Racial Diversity in the American Jury System
When the authors of the Bill of Rights wrote into the Sixth Amendment: “the right to a speedy and public trial, by an impartial jury of the state and district,” that means a group of individuals comprised of a cross section of the community willing and able to judge the evidence without affording special consideration to either the prosecutor or the defendant (Richey). But they did not specify the nature of an impartial jury. The states and districts were left to grapple with that definition as they set standards and procedures for selecting juries (Racial and Ethnic Bias).
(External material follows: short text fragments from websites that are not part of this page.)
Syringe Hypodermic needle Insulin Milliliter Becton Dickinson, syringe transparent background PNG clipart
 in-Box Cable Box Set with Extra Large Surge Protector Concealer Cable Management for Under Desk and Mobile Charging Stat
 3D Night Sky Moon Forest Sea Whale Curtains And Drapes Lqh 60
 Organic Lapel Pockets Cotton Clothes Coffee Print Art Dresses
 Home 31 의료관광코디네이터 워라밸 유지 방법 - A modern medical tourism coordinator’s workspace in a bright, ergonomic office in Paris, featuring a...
In some jurisdictions in the US, prosecutors long followed a secret policy of excluding as many African-Americans as possible from a jury whenever the defendant was black. They did so because they believed that African-American jurors would be more likely than other jurors to acquit black defendants regardless of the evidence presented at trial (Richey). As an example, on October 3, 2005, a U.S. District Court Judge in Boston says the jury selection process will prevent two black men from getting a fair trial in their death penalty cases. The judge has ordered changes in jury procedures; federal prosecutors have appealed (Bebinger). The action of the Judge showed that are some defects in the current jury selection system and reforms should be adapted in order to provide fairness in all trials regardless of race or even economic status of the accused as well as the accuser. Racially and ethnically mixed juries would build in a system of “checks and balances.” Having large proportion of ethnic minorities on juries will greatly affects the way the criminal justice system operates (Mcnulty).
Most ethnic minorities cannot receive justice if the jury does not contain any minority-group members. There is a belief in most ethnic groups that most trial juries contain no or only few minorities (Executive Summary). Racially diverse juries, can achieve several goals: they can lead to greater public acceptance of verdicts; they can lead to a greater public awareness of the presumption of the defendant’s innocence; they can check overt or inadvertent racism on the part of the police, district attorneys, prosecutors, or jurors themselves; they can alter the often subjective assumptions that guide peremptory challenges; they can influence judges’ decisions; they can alter the nature of jury deliberations; and they can ensure fairer treatment of defendants (Fukurai).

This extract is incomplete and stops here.